Aim of the task :: Copy out, from the data below, each line in which the word "license" occurs.

Segment Start: Supplied material

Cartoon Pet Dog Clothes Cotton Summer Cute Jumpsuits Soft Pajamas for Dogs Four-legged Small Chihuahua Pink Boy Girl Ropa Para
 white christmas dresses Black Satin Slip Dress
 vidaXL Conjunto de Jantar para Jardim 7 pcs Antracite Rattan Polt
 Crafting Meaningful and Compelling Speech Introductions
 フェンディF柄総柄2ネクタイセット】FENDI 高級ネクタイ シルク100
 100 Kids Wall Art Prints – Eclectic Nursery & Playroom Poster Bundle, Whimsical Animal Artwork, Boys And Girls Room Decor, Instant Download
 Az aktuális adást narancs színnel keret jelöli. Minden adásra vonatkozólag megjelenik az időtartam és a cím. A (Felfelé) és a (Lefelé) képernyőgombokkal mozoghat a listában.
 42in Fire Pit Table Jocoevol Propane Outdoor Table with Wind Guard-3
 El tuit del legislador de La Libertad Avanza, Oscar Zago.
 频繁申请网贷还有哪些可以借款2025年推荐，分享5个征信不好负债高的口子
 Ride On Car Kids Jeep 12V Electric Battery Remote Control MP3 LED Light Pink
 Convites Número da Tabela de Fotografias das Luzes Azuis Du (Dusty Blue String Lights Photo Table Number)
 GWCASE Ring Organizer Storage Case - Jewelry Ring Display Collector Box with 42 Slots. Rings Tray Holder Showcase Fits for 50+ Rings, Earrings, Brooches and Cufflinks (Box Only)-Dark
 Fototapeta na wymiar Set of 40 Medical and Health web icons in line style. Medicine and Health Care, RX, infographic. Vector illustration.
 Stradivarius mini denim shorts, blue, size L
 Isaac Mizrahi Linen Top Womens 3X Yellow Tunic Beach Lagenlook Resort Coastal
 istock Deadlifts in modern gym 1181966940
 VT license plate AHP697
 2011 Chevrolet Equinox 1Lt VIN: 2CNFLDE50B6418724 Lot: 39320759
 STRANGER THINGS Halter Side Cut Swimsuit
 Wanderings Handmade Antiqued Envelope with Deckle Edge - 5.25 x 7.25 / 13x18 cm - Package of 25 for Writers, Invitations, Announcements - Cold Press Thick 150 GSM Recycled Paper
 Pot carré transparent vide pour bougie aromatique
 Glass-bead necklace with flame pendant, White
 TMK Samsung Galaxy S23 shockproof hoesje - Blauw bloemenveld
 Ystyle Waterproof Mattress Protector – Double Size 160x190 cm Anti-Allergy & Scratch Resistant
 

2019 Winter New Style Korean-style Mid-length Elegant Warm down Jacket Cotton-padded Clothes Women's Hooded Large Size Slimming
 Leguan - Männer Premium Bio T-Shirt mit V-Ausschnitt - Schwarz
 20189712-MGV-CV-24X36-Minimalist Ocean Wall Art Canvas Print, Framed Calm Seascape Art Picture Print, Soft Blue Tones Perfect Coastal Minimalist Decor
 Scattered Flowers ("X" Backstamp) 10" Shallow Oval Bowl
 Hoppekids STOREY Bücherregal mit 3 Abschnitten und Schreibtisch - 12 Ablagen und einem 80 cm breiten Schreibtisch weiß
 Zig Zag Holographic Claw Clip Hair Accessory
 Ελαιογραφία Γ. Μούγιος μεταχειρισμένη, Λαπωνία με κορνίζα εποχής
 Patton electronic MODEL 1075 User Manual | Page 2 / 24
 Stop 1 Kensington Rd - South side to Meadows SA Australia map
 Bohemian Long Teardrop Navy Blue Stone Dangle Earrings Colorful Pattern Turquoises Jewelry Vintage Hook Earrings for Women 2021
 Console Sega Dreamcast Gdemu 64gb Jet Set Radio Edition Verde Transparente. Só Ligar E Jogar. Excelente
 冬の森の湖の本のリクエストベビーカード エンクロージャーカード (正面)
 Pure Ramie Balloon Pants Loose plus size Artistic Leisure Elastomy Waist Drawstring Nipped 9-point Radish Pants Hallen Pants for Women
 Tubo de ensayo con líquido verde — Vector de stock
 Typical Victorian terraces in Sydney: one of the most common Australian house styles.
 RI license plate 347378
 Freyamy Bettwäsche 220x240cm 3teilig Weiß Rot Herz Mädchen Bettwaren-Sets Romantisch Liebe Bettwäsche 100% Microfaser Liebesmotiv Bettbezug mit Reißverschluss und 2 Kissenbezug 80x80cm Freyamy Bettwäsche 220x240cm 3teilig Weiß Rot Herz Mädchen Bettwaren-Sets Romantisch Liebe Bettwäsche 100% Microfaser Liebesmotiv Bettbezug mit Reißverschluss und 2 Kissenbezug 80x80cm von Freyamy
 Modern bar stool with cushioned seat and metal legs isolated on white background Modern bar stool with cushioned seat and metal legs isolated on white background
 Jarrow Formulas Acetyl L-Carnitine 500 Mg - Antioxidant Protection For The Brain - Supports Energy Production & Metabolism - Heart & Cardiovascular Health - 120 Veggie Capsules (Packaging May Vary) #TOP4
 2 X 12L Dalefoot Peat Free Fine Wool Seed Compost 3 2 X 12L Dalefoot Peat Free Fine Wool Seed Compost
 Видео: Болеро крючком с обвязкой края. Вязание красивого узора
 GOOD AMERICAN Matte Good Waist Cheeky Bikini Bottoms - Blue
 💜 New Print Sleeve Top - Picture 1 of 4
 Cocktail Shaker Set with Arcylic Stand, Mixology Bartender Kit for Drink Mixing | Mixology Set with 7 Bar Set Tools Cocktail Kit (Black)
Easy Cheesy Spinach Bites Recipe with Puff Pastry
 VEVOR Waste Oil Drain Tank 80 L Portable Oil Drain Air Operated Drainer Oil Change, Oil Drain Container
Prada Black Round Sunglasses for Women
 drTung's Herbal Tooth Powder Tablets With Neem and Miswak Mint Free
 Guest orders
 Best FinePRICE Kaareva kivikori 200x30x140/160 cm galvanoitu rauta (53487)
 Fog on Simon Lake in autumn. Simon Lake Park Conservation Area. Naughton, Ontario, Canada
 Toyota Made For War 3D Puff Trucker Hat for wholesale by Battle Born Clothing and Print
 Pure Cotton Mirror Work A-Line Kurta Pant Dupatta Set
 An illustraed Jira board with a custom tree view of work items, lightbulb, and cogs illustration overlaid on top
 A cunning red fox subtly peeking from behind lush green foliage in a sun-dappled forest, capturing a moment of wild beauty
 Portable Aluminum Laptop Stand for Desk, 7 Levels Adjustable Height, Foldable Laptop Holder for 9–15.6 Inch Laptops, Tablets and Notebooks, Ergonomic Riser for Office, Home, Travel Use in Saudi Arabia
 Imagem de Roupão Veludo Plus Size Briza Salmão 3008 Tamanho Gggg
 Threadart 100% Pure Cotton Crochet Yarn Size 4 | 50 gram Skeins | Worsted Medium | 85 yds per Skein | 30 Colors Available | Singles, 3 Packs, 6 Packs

Segment End: Supplied material

Task output ::
 VT license plate AHP697
 RI license plate 347378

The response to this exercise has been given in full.